De Graaf suggests a similar process of taking stock of your resources and deciding what’s most important to you. He uses the metaphor of packing for a backpacking journey.
“The backpacker has to ask what’s essential,” he explains. “Usually, the big problem is that the person tries to bring too much stuff. America has a huge backpack right now — it’s struggling under it; it’s falling over. And it’s thinking that the answer is to put more stuff into the backpack, which also means we’re working longer and harder.”
In other words, if you’re holding on to a miserable job strictly because it pays a lot and then spending a lot to soothe your shattered soul, you might consider lightening your load.
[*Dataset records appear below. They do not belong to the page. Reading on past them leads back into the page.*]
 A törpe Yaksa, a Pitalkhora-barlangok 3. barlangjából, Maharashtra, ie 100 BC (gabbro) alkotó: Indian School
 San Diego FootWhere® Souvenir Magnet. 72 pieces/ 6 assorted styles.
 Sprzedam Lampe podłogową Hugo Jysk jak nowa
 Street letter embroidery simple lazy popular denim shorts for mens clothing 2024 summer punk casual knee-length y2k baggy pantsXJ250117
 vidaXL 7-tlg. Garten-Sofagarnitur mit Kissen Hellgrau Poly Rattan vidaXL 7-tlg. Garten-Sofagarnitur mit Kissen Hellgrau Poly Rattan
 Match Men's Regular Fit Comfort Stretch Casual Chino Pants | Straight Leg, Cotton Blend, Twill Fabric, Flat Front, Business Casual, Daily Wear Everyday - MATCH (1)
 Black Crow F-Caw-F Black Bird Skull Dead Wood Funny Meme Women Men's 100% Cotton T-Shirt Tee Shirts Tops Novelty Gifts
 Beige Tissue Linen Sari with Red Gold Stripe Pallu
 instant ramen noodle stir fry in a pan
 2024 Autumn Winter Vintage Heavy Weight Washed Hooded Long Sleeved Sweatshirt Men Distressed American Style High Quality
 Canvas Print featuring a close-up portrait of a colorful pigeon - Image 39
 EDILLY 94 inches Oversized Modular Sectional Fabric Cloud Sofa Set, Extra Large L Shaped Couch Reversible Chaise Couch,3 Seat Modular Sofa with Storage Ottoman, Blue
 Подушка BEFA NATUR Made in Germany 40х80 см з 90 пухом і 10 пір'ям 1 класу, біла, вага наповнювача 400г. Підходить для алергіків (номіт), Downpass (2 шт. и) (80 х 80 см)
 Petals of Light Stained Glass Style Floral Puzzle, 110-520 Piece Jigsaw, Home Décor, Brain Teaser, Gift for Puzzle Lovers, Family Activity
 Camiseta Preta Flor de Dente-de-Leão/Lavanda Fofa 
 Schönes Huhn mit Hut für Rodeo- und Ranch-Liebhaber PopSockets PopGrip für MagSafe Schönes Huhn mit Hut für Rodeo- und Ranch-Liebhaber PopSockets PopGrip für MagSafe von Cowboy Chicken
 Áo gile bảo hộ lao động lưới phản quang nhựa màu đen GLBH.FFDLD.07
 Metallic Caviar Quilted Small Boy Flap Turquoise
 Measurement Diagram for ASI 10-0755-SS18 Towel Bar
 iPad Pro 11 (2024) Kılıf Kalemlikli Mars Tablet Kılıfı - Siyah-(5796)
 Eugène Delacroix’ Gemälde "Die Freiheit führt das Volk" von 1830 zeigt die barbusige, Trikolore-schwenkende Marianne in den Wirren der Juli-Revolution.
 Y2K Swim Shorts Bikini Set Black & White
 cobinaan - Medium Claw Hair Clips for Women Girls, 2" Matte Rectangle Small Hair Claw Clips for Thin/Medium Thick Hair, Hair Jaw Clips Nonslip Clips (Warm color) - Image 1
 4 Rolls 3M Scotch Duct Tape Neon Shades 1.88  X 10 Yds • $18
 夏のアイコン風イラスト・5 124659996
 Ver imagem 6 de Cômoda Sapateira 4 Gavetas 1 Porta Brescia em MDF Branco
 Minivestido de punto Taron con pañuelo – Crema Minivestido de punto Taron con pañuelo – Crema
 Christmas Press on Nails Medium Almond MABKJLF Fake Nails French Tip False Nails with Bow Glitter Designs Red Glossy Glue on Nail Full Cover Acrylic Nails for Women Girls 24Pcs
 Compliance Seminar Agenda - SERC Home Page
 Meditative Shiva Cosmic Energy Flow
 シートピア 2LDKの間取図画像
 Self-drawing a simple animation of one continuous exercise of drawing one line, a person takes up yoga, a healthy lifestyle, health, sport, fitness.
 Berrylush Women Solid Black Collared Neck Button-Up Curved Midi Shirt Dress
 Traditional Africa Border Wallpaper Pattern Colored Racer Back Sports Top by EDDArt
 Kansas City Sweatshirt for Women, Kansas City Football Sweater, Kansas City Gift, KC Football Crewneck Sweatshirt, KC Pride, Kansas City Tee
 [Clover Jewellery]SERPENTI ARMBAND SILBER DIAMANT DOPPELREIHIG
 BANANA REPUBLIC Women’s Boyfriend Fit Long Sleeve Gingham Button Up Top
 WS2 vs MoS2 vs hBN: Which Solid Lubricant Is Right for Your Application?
Ultimately, the workplace is a meeting ground for humans where all our failings, idiosyncrasies, and blind spots are played out for 40-plus hours every week. Practicing self-care in how we conduct ourselves and communicate with others allows us to find more positive, constructive ways of interacting with our jobs — which is to say, our lives. And what could be more valuable than that?
Self-Care for the Self-Employed
Carving out an independent path as a freelancer, consultant, or entrepreneur can be an exhilarating journey toward self-realization. But self-employment comes with its own sources of stress and worry. These are a few best practices for maintaining your balance.
Create a routine. Self-employed people can get sucked into long hours that turn into cycles of burnout. When possible, set regular hours and create a dedicated workspace in your home or elsewhere (see below) that you can leave when you need to recharge.
Build in rest and exercise. You’re writing your own calendar, so schedule daily exercise, regular meals, and the occasional nap to restore your creativity.
Make a budget. Income can be erratic: Create a monthly budget reflecting how much you absolutely need to earn to cover housing, food, recreation, healthcare, and other basic expenses. Hayden recommends setting aside several months’ worth of these costs so you feel more room to breathe. If you suspect you’re falling short, devote some time each week to reaching out to new business prospects or clients.
Get out of the house. Working only at home can be distracting. Locate the best coffee shops and libraries where you can put in productive hours. And look into coworking spaces — many have flexible leasing plans and can be great places for finding new clients and cultivating the social benefits of the traditional workplace.